Work request >>
Look through the data below and extract, unchanged, the lines from the one that contains "New 2026 Chevrolet" to the one that contains "Pastel Goth Style Ring - Picture 2 of 2", both included.

Source data >>
········

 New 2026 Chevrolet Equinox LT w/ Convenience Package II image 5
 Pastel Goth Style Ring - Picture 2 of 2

········

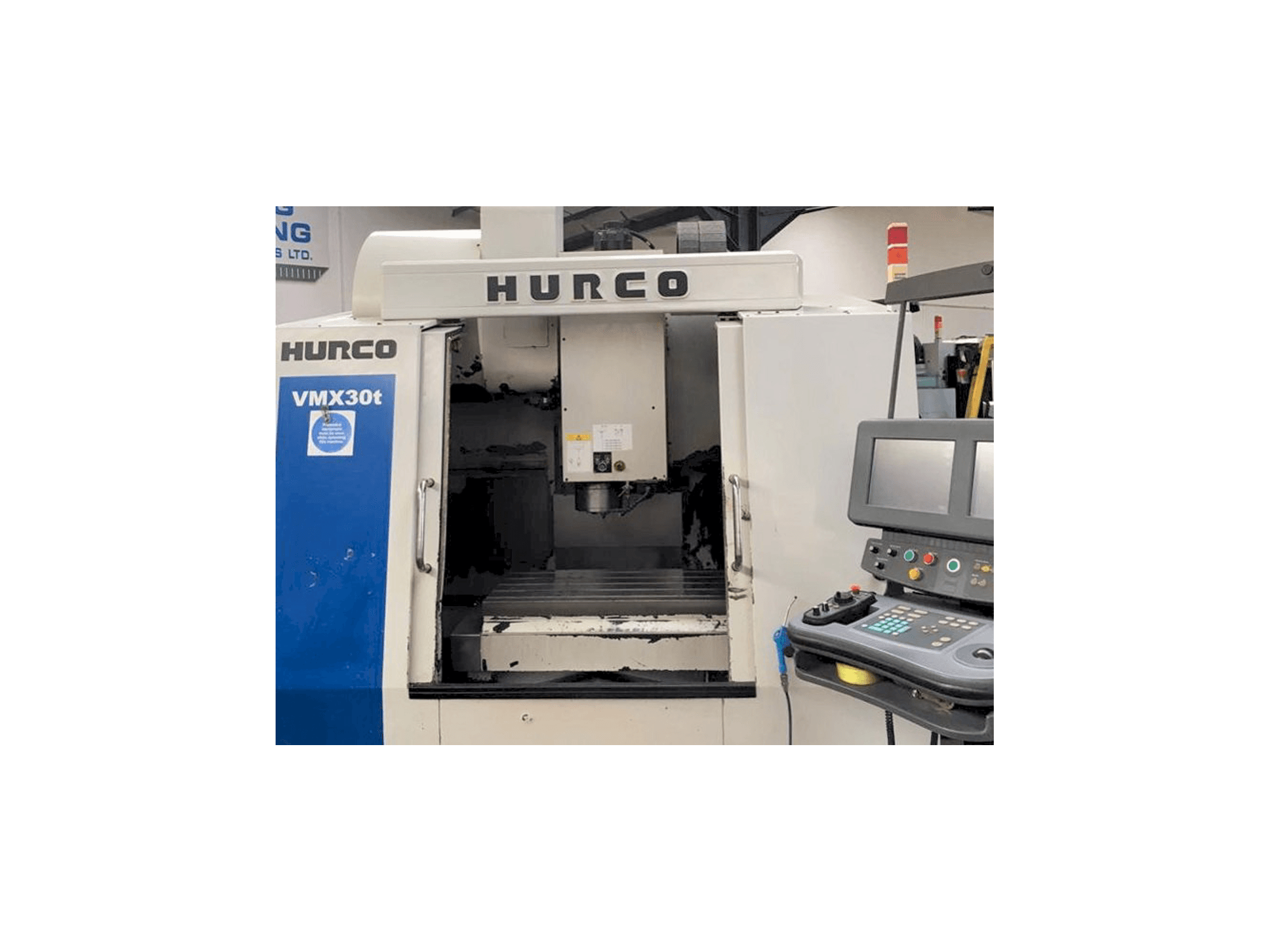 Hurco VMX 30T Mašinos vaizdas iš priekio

········

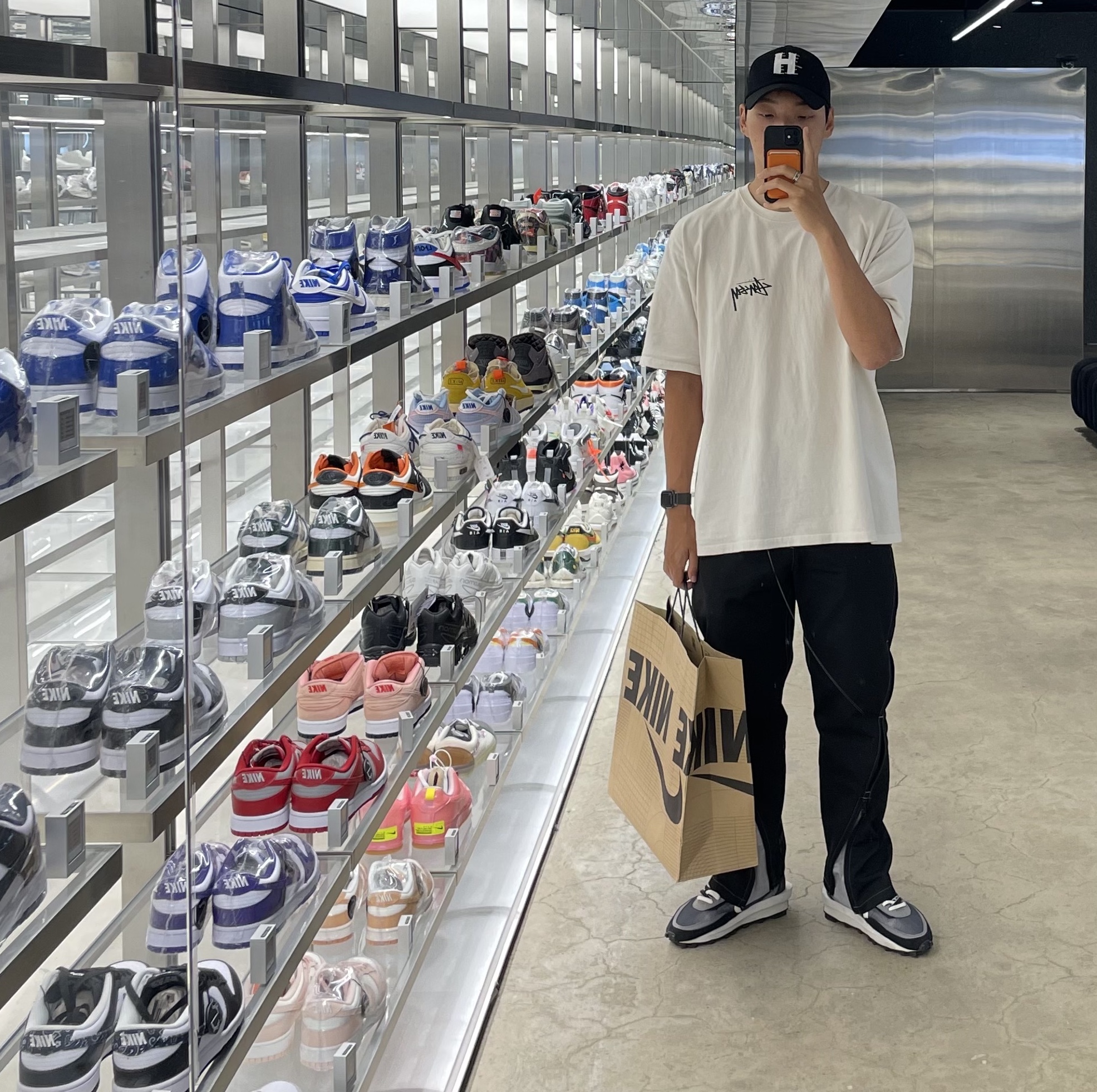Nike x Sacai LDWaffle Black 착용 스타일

········

Task answer >>
 New 2026 Chevrolet Equinox LT w/ Convenience Package II image 5
 Pastel Goth Style Ring - Picture 2 of 2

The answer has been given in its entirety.